Input data section start

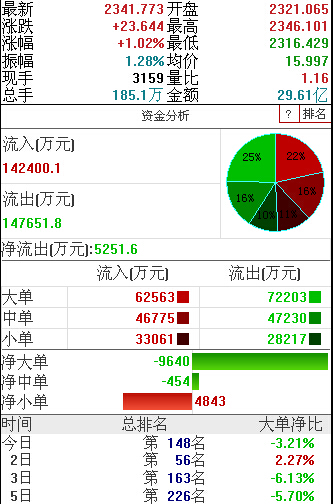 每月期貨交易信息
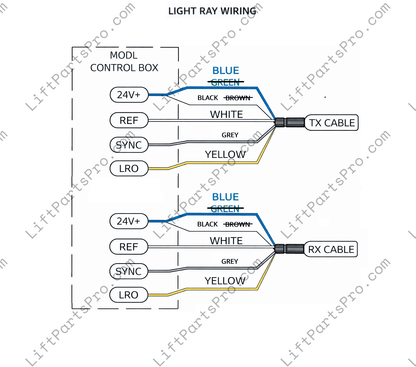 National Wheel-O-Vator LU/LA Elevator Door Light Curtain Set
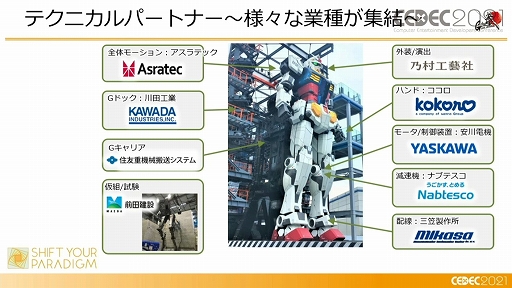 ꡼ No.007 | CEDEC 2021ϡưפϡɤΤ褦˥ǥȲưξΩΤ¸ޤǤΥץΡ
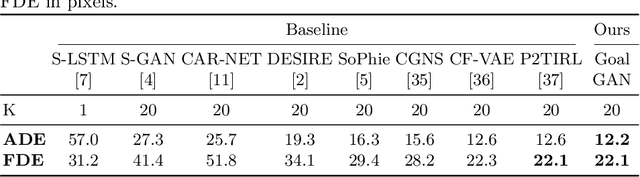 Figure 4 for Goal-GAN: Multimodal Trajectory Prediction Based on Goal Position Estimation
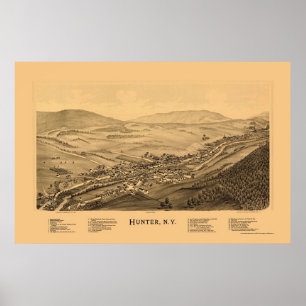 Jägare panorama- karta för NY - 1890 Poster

Input data section end

**Exercise brief**
Print all the records exactly, minus any images.

**Response to this exercise**
 每月期貨交易信息
 National Wheel-O-Vator LU/LA Elevator Door Light Curtain Set
 ꡼ No.007 | CEDEC 2021ϡưפϡɤΤ褦˥ǥȲưξΩΤ¸ޤǤΥץΡ
 Figure 4 for Goal-GAN: Multimodal Trajectory Prediction Based on Goal Position Estimation
 Jägare panorama- karta för NY - 1890 Poster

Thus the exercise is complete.